If donning an apron whilst on holiday is not your idea of fun, there are a couple of pubs nearby. The Royal Oak is a 30-minute stroll from the farm and serves delicious homemade food, all the ingredients for which come from suppliers within a 20-mile radius. Back at the cottages, breakfast baskets can be delivered to your door in the morning, if you so wish. We woke to a wicker basket filled with home-produced butter and yoghurt, a freshly-baked loaf, homemade damson and blueberry jam, freshly-ground Fairtrade coffee and delicious granola.

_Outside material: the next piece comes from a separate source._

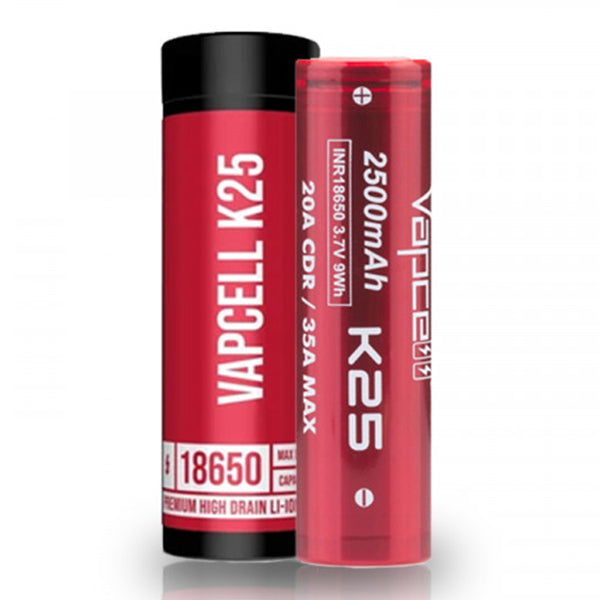 K25 18650 battery by Vapcell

There is more to Wheeldon Trees Farm’s environmental credentials than a list of green features; for the Hofmans, their approach is a way of life, one which they have woven into everything they do. From locally-sourced breakfasts and the recently-planted wildflower meadows, to the discounts for green travellers and the provisions in place for guests arriving under their own steam, not forgetting their impressive eco endeavours (the entire field to the front is given over to a ground-source heat pump, providing all their hot water and heating needs), their environmental outlook is progressive but unobtrusive, and it has won them – justly so – armfuls of awards.
A short (but steep!) climb up High Wheeldon, the distinctive cone-shaped hill to the west of the farm, gives you some of the best views in the whole of the Peak District down across the Dove and Manifold valleys. The memorial at the top commemorates the men of Staffordshire and Derbyshire who fell in the Second World War.

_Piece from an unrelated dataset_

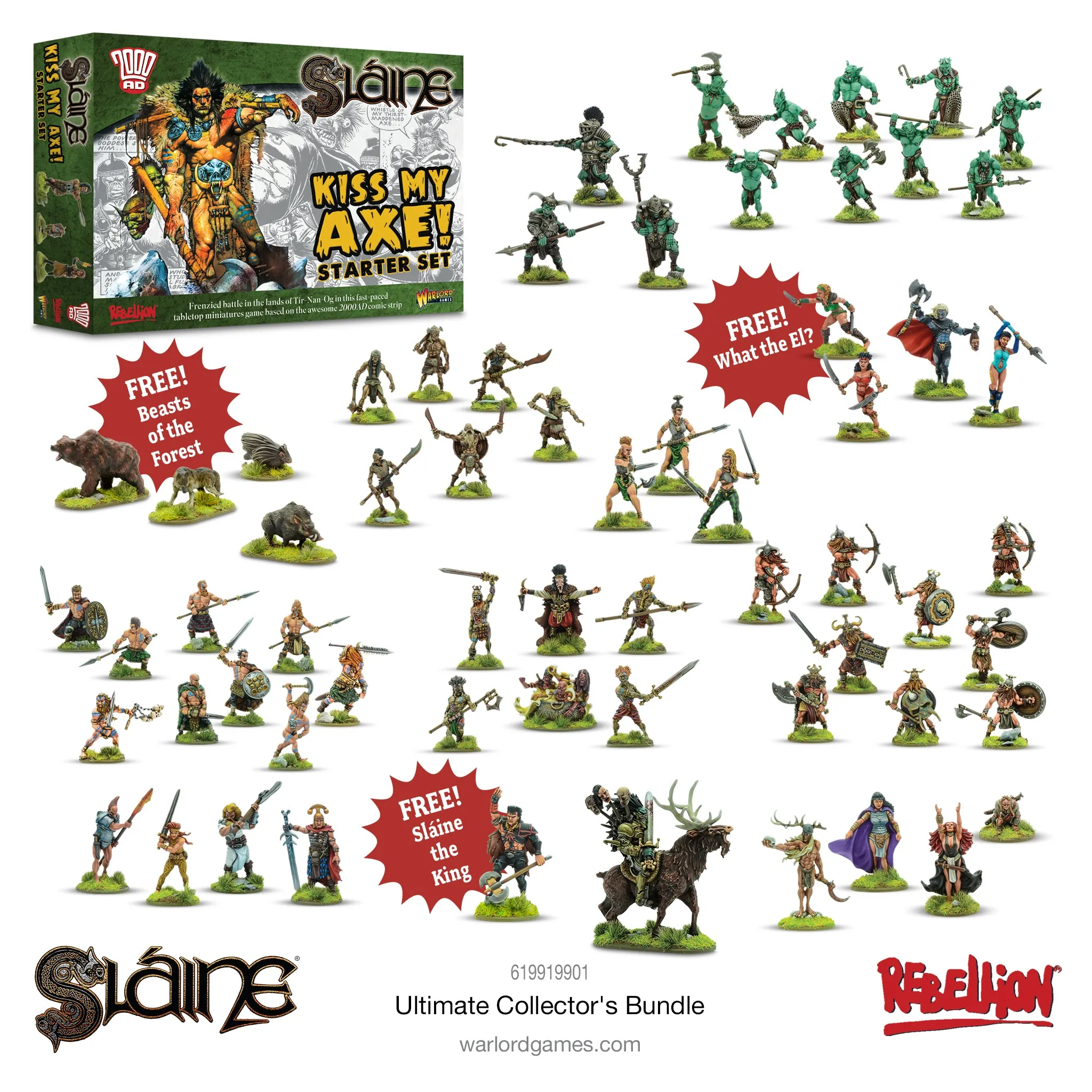 Sláine the Miniatures Game Ultimate Collector's Bundle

How to get to Wheeldon Trees Farm by public transport
Trains from London to Buxton (changing at Stockport) take roughly three hours, and then it’s a hop onto the 442 which runs from outside the train station. The local bus dips in and out of a string of valleys – it’s a beautiful ride – before depositing you at the end of the farm’s drive (just ask the driver to let you off) – it really couldn’t be easier! And if you need further incentive, Martin and Deborah will reimburse your bus fare and give you a 5% discount on your stay. And if that wasn’t enough, you can even hire their car should you want to take a spin at some point during your stay.

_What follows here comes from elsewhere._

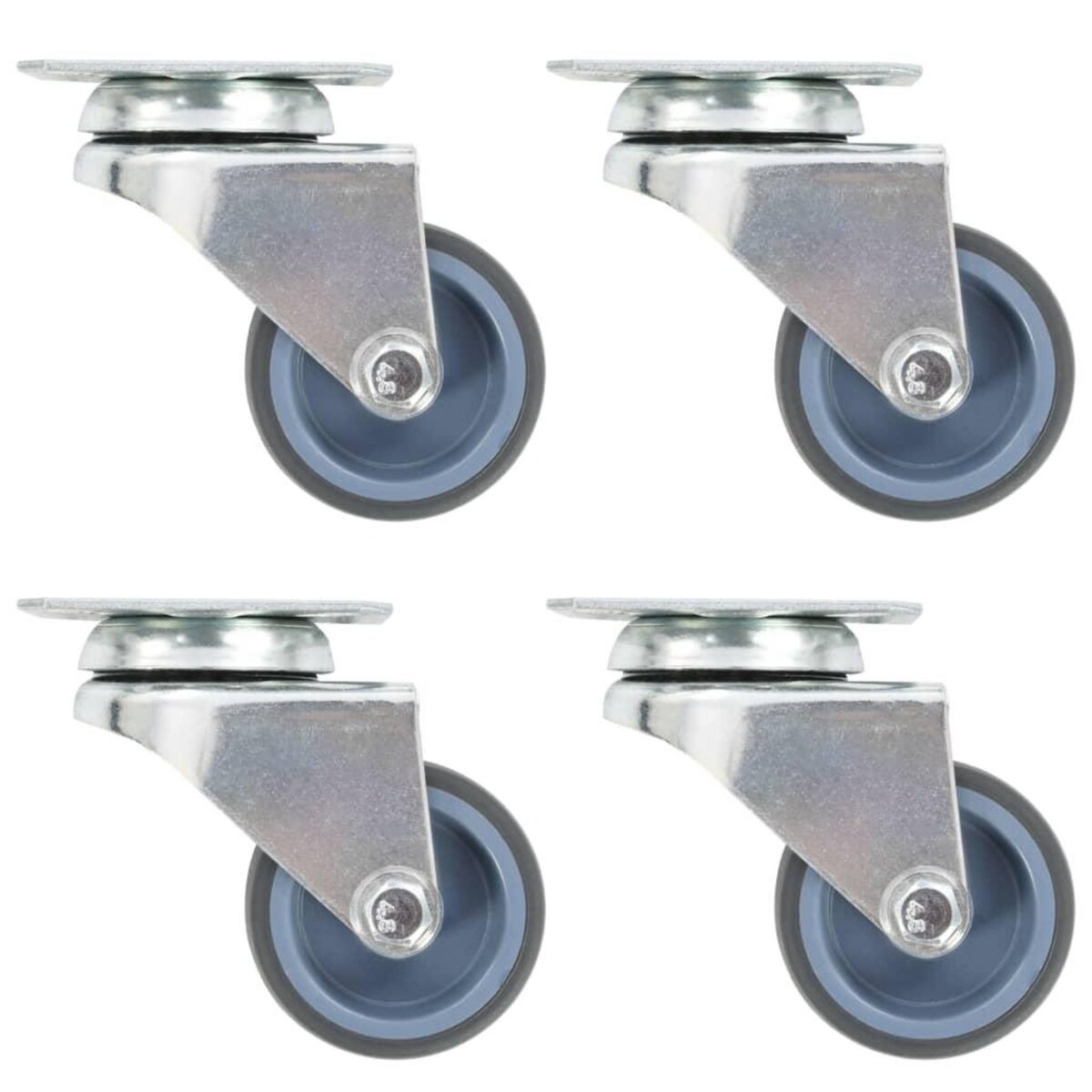 VIDAXL Roulettes pivotantes doubles 4 pcs 50 mm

Given how easy it is to get here by bus and train, it would be a shame to bring the car, but if you do have kids and dogs in tow, you won’t need to touch the car all week once you’ve arrived if you don’t want to. For starters, you’ve got glorious walks right from the door and Martin and Deborah have plenty of maps, guides and suggestions if you want to stride out into the surrounding countryside. The farm is also directly on a national cycle route so bring the bike (or there’s local cycle hire if you don’t). You can pick up the High Peak or Tissington Trails (former railway lines which are perfect for cycling, especially with children) at The Royal Oak at nearby Hurdlow. And if the thought of steep inclines on two wheels fills you with dread, there are electric bikes which are free for guests’ use. For rainy days there are books, games, DVDs, a pool table and table football in the Long Room.
Behind every great place to stay are owners who work tirelessly to make it all happen. Martin and Deborah swapped the London rat race for this patch of Derbyshire six years ago and have created much more than simply a place to rest your head at night. Quietly green and incredibly relaxed, it’s a perfect place for an activity-packed family holiday or a relaxing getaway for two.